The principles applicable to applications for summary judgment (and summary disposal) were recently re-stated by Basten AJA (Ward P and Simpson AJA agreeing) in Chalak v G & G Mikhael Pty Ltd [2022] NSWCA 116 at [15]-[18], which statement I respectfully seek to apply.
Strike out
The power to strike out a party's defence appears in r 12.7 of the UCPR.
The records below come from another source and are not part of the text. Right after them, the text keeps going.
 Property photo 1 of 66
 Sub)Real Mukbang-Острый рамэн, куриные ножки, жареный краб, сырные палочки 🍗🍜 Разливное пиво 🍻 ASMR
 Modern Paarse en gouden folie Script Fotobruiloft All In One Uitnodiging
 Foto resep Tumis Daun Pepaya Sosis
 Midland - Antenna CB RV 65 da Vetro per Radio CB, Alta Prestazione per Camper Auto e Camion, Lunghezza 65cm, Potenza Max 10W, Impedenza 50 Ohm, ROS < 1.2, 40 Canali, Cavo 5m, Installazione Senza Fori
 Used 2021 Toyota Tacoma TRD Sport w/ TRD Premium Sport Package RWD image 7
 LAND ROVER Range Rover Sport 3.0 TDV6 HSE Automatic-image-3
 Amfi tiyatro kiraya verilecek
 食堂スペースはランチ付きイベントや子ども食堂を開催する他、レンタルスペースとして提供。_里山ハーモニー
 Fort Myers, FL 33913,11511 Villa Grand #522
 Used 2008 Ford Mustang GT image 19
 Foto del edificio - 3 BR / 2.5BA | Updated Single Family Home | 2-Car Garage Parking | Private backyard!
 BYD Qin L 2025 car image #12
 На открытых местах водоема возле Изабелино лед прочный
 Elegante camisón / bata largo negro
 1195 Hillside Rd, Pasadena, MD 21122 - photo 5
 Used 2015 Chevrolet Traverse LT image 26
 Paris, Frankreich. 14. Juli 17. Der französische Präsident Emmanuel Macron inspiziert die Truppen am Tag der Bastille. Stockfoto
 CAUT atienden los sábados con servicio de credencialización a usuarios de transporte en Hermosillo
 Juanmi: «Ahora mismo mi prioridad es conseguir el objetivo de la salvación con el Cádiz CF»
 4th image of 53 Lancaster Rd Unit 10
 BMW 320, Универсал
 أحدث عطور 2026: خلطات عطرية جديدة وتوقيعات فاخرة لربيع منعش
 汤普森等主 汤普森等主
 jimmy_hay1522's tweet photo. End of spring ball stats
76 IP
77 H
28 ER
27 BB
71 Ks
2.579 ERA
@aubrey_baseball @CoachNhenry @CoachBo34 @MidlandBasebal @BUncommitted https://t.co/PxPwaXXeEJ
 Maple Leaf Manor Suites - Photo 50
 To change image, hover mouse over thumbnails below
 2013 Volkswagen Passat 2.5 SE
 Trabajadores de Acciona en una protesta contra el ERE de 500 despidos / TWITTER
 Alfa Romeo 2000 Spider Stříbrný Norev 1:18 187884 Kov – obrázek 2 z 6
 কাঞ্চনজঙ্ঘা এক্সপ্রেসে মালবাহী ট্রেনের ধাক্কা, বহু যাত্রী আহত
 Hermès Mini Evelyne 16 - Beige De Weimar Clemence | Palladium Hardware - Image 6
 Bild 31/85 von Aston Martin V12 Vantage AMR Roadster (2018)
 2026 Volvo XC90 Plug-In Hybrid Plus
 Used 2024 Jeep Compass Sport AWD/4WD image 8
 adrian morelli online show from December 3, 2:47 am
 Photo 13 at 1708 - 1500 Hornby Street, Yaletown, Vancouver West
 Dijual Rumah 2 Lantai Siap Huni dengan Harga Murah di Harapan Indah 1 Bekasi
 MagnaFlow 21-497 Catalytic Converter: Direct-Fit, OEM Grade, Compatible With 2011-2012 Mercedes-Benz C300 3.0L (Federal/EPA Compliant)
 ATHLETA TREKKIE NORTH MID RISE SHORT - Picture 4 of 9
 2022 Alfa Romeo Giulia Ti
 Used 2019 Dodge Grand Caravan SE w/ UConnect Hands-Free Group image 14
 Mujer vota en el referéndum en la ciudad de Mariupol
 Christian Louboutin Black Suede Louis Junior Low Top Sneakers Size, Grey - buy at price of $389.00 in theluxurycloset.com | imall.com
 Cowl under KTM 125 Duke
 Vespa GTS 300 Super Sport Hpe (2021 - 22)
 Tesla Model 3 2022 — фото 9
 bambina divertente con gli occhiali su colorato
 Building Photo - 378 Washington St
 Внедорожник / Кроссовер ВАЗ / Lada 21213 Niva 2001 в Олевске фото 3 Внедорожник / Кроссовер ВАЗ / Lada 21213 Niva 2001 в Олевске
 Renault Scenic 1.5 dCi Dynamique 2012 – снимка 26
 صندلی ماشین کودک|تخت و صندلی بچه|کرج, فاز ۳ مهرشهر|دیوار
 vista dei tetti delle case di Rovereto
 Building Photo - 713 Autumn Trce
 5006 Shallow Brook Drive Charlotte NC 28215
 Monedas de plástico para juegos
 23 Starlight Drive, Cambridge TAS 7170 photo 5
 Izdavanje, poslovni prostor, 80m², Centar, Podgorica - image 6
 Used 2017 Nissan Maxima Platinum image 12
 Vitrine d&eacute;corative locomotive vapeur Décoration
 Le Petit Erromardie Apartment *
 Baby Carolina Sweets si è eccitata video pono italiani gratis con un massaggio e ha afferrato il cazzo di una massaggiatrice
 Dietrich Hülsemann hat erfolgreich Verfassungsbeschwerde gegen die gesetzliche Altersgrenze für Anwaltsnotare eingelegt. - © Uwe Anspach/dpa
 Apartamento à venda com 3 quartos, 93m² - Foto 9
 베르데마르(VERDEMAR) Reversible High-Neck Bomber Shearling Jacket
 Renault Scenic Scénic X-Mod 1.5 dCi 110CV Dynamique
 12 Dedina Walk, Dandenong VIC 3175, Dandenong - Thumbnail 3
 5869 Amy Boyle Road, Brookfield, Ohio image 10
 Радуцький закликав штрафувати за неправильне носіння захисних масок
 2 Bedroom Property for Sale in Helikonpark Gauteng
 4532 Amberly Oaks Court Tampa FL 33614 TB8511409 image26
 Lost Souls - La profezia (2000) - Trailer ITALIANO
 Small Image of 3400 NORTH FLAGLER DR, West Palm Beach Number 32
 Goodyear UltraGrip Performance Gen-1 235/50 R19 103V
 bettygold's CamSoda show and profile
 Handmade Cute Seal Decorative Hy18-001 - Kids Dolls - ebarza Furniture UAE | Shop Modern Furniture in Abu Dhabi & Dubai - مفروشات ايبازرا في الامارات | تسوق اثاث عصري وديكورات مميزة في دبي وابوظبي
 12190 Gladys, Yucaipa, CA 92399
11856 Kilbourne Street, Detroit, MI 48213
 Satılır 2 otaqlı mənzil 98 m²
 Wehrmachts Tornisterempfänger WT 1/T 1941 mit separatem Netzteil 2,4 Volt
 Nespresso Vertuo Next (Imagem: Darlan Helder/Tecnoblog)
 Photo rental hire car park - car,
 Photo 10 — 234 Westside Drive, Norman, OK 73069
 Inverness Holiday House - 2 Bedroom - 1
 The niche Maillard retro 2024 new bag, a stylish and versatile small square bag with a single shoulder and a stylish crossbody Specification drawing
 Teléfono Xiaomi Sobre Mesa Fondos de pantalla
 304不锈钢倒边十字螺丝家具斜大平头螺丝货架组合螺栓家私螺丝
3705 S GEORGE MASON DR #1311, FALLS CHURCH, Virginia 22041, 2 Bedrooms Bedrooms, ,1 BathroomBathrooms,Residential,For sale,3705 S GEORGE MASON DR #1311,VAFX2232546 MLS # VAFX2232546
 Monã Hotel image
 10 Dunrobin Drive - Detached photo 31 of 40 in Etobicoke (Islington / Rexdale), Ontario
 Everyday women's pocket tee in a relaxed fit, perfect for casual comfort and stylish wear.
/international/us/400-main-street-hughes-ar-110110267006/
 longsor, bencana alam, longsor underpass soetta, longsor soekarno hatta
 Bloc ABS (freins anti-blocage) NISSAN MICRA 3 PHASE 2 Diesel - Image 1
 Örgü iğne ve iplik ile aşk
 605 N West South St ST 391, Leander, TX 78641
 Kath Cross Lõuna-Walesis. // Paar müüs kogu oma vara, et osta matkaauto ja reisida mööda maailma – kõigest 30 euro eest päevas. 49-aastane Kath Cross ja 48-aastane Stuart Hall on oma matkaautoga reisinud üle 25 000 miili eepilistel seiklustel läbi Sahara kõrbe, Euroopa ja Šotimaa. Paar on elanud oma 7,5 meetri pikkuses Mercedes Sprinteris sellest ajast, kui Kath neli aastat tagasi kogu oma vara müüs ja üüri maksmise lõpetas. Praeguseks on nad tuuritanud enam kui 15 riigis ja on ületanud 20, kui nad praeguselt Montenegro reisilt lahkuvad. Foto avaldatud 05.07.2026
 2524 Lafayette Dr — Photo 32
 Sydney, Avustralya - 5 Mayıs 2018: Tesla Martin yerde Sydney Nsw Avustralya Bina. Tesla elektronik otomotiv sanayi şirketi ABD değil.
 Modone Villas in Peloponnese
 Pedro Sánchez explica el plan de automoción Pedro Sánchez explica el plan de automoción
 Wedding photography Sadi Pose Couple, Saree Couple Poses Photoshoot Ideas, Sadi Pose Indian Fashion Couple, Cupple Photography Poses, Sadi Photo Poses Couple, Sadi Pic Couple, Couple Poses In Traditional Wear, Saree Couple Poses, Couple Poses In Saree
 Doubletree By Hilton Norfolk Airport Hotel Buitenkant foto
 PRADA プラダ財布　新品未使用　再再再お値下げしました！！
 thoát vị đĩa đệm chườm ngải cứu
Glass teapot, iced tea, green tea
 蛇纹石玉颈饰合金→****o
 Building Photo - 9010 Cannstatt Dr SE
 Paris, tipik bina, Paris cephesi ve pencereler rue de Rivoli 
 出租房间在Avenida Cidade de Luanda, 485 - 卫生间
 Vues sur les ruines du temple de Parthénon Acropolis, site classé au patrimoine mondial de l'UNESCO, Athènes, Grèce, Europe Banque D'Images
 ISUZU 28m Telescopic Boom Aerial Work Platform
As to r 12.7 of the UCPR, the plaintiff cited the decision of Barrett JA in Hobbs v ASIC [2013] NSWCA 432 where, at [52], his Honour observed:
"…when there has been no hearing on the merits, a court should be reluctant to make such an order unless there has been intentional and contumelious default on the part of the moving party or inordinate or inexcusable delay giving rise to a substantial risk that a fair trial would not be possible: Birkett v James [1978] AC 297 at 318. But, as Basten JA pointed out in State of New South Wales v Plaintiff A [2012] NSWCA 248 at [17], the stringency of that principle has been diminished by the enactment of ss 56 to 60 of the Civil Procedure Act 2005. It is therefore necessary to have regard to the "overriding purpose" referred to in s 56, being "to facilitate the just, quick and cheap resolution of the real issues in the proceedings." The need to pay particular attention to that overriding purpose is pronounced in a case such as the present where the essence of the application before the court is delay as such".